The coordinated hack attacked high-profile accounts belonging to Elon Musk, Barack Obama, Joe Biden, Jeff Bezos and tweeted out a fake bitcoin deal. As Twitter took down each hacked tweet Wednesday, more kept popping up, in a game of security Whac-A-Mole. After more than an hour, Twitter shut down tweets from all verified accounts and didn’t restore them for more than two hours.
The company hasn’t released detailed information on what happened. Late Wednesday, the company said in tweets that the breach was a “coordinated social engineering attack” by people that targeted its employees. The company said the hackers gained access to some internal tools and systems.
Twitter said it had limited access to how many employees had access to the administrative tools and said it would only turn back the compromised accounts to their owners after it was positive they were secured. Company spokesman Trenton Kennedy declined to answer further questions about the hack and the ongoing company investigation.
At least one prominent account has been turned back over to its rightful owner — that of Democratic presidential candidate Joe Biden. Biden tweeted a reference to the hack Thursday morning, saying, “I don’t have Bitcoin, and I’ll never ask you to send me any.” He then urged people to donate to his campaign.
Musk, Bezos, Gates and Obama had not yet tweeted by midday Thursday. (Amazon CEO Bezos owns The Washington Post.)
Chief executive Jack Dorsey called it a “tough day at Twitter” in a tweet late Wednesday. He added a blue heart emoji to his tweet to thank employees working to address the breach.
The company delayed the launch of an anticipated set of developer tools that add features such as conversation threading and polls as a result of the breach.
Social engineering attacks refer to hacking attempts where you “exploit the human element of security,” said cybersecurity expert Rachel Tobac, CEO at SocialProof Security.
That could mean blackmailing or bribing someone to gain access to accounts or even an insider carrying out a hack themselves.
The most common example of a social engineering attack is phishing, or sending a fake email designed to look real to trick someone into turning over account credentials or other information. More targeted tactics, such as spear-phishing, single out individuals with a goal of taking over their credentials. Once hackers have that access, they can work to change passwords or take other measures to lock the real account owner out.
Twitter has not said what specific kind of social engineering attack compromised its site on Wednesday.
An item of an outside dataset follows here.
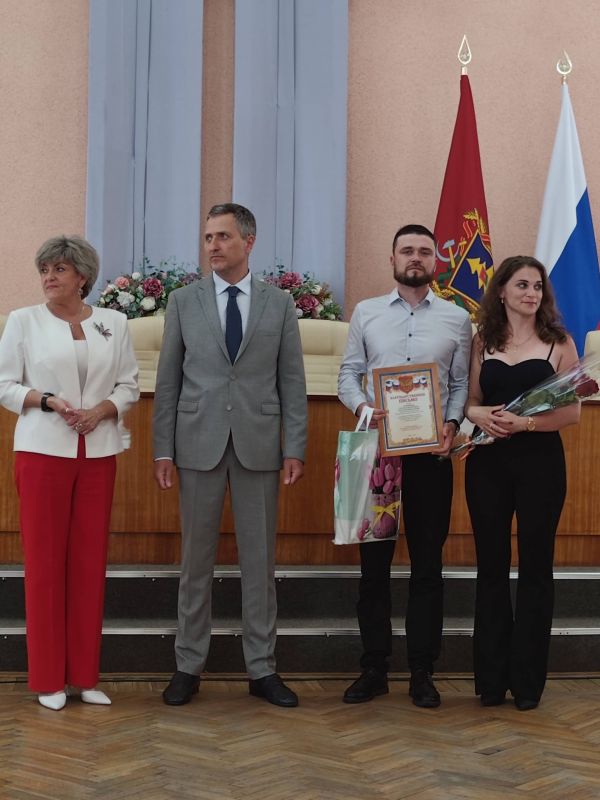 8 июля 2026 года в нашем городе состоялось праздничное мероприятие, посвящённое Всероссийскому дню семьи, любви и верности 8 июля 2026 года в нашем городе состоялось праздничное мероприятие, посвящённое Всероссийскому дню семьи, любви и верности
The company has fallen victim to attacks from insiders before, including in a case last year when the Justice Department charged two former Twitter employees with spying for Saudi Arabia by accessing company information about dissidents’ accounts.
President Trump’s account was hacked for 11 minutes in 2017 by a departing Twitter employee.
The Vice tech news outlet Motherboard reported that the hackers paid a Twitter insider to help them take control of the accounts using internal tools, citing unnamed hackers. Twitter’s Kennedy declined to comment on the report.
The breach shows just how much of cybersecurity relies on human behavior.
“If anything, Twitter’s compromise shows that in today’s world of increasing data loss events, organizations have little choice but to take action to protect sensitive data,” security firm Check Point wrote in a blog post about the breach. “Confidential employee and customer data, legal documents, and intellectual property are being exposed to unwanted parties on a daily basis.”